The data loader is an option for ingesting data into NovaStar and is being phased in starting with NovaStar 5.4.0.0.

Introduction
File Reader Service
Data Filer Service
Data Loader Workflow
Data Harvesting Programs

Introduction

NovaStar data ingestion can occur using different approaches: This documentation focuses on the data loader approach, which is suitable for running workflows to harvest and process data from third party sources and load the data into NovaStar. See also:

Data Collection - for real-time event-driven data
Data Import - for traditional NovaStar data imports, limited to specific sources

Traditional NovaStar data import programs typically involve writing a program that links with the NovaStar software libraries. This requires programming skills and often requires help from TriLynx Systems staff. Some general tools are available to facilitate data imports, such as the nsdataimport program, but have limitations. Limitations of traditional data import programs include:

compiled programs require knowledge about NovaStar libraries and database design
each program makes a connection to the database, which can result in contention for database resources
single purpose data loading programs may be difficult to maintain
simple programs do not provide workflow features to manipulate data
programs that are interrupted may cause data to not be ingested

In contrast, the data loader relies on using a simple CSV format file for data and optimizing data ingestion by using a single service. Benefits of this approach are:

data harvesting programs can be written in any programming language (Bash, Python, Java, C, C++, etc.)
the CSV file for the data loader is a simple format
the data loader service optimizes performance by handling database interactions
programs that are interrupted will not lose data if the load file has been written
third-party programs are maintained and tested by other entities, reducing the maintenance cost for TriLynx Systems and its clients

TriLynx Systems will continue to add data harvester programs. System-specific tools can be developed as needed.

The data loader contains two parts: The file reader and the data filer.

The file reader reads the file output of data harvesting programs, and inserts preliminary data into an intermediate table in the database. When it has finished processing a file, it moves it to an archival folder.

The data filer reads from the intermediate table, does appropriate processing for alarms, calibrations, and validation, and places it into standard Novastar5 data tables.

File Reader Service

The file reader proces is run by the file reader service (nsdataloader-filereader-service). The service runs continuously and reads data from files in the specified hot folder, by default /usr/ns/dataloader/. The data is then put into an intermediary table, and the file moved to a specified archival folder, by default /var/log/novastar/dataloader-archive.

See the service documentation for information about starting and stopping the service.

Data Filer Service

The data filer process is run by the data filer service (nsdataloader-datafiler-service). The service runs continuously and is optimized to ingest data while minimizing load on the database server. This occurs by limiting the number of processes that write data to the database. In contrast, the older data import approach can result in many processes attempting to load data at the same time, which leads to higher contention for database resources.

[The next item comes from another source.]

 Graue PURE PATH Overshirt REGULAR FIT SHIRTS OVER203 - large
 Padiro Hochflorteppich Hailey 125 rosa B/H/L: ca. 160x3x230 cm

See the service documentation for information about starting and stopping the service.

Data Loader Workflow

The nsdataloader-filereader documentation provides details for implementing data harvesting software.

Data Harvesting Programs

Data harvesting programs must meet the following requirements:

Install and run on Debian Linux:
- NovaStar systems are deployed with Java and Python and additional environments can be enabled.
Run in batch mode from the scheduler.
Support timeout so that automated processes do not hang.
Run as a normal user.
Create the CSV file needed by the data loader:
1. Handle time zone.
2. Format interval data with timestamp at the end of the interval.
3. Do not load missing values (NovaStar only stores actual values).

The following are known harvester programs for different data sources and formats. The TSTool software is an initial focus due to its ability to run workflows and handle many data sources and formats.

Data Sources/Formats and Available Data Harvesters

Data Source/Format	Available Data Harvester Software
Many climate and hydrology time series	TSTool (Time Series Tool) with plugins.